Material for this task:
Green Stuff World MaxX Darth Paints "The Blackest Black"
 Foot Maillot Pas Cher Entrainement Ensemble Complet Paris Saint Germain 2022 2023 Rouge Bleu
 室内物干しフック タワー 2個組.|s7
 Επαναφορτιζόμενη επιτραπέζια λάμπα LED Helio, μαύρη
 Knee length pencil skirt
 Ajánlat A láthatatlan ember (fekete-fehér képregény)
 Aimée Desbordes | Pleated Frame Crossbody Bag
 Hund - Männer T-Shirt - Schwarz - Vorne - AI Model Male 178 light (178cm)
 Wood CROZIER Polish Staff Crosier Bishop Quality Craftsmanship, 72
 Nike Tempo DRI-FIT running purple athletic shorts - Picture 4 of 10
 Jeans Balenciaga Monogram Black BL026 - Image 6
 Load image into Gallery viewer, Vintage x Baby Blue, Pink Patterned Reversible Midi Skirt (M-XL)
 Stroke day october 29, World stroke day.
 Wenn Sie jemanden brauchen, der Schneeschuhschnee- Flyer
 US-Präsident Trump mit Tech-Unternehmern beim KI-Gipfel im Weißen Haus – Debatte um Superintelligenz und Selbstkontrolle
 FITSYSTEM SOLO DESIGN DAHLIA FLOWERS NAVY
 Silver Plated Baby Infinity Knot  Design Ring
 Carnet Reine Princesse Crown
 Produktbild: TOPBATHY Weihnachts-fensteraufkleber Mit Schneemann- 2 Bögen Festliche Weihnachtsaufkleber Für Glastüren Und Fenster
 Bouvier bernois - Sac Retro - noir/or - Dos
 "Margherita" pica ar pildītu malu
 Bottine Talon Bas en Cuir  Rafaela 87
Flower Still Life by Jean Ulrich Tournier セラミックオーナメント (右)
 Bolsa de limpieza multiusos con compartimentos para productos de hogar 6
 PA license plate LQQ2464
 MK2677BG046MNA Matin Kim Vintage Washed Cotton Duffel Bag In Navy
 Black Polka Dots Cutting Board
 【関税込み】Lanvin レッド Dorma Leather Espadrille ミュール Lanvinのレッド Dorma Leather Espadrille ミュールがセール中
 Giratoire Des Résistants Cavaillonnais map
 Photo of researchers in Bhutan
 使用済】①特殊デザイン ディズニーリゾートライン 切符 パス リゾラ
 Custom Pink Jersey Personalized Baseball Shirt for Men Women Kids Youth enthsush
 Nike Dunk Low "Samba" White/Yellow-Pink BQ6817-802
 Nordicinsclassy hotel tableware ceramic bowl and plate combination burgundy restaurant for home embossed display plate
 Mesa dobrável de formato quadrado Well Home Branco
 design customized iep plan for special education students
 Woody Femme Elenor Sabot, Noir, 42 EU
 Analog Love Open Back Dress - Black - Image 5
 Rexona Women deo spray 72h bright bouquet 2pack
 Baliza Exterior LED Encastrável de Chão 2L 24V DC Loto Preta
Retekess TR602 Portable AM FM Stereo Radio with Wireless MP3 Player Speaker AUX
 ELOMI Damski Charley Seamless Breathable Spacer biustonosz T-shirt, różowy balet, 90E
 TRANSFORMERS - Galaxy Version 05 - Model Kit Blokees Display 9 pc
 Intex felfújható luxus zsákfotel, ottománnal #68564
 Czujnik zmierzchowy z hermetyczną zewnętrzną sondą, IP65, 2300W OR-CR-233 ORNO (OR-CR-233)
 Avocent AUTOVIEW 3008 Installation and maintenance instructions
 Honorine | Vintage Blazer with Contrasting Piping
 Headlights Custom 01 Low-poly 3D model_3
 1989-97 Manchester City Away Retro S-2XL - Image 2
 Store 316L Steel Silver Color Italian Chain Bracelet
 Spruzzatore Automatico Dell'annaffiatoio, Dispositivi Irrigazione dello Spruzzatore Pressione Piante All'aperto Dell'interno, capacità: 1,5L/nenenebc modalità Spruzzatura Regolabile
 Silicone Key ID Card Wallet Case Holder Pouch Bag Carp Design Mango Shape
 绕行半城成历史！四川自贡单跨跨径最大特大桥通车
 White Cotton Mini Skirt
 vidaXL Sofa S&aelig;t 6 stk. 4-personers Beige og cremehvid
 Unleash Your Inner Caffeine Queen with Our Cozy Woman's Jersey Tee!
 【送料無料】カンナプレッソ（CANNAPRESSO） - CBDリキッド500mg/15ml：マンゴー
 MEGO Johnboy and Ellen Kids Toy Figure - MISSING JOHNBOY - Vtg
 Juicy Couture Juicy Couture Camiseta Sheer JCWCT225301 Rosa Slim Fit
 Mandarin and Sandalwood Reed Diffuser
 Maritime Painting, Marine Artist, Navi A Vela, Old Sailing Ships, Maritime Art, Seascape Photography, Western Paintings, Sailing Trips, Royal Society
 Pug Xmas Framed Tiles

Task brief: In the answer, give the lines from the first line of the data through the line with "Nike Tempo DRI-FIT", exactly as they appear and with no additions.

Answer for the task:
Green Stuff World MaxX Darth Paints "The Blackest Black"
 Foot Maillot Pas Cher Entrainement Ensemble Complet Paris Saint Germain 2022 2023 Rouge Bleu
 室内物干しフック タワー 2個組.|s7
 Επαναφορτιζόμενη επιτραπέζια λάμπα LED Helio, μαύρη
 Knee length pencil skirt
 Ajánlat A láthatatlan ember (fekete-fehér képregény)
 Aimée Desbordes | Pleated Frame Crossbody Bag
 Hund - Männer T-Shirt - Schwarz - Vorne - AI Model Male 178 light (178cm)
 Wood CROZIER Polish Staff Crosier Bishop Quality Craftsmanship, 72
 Nike Tempo DRI-FIT running purple athletic shorts - Picture 4 of 10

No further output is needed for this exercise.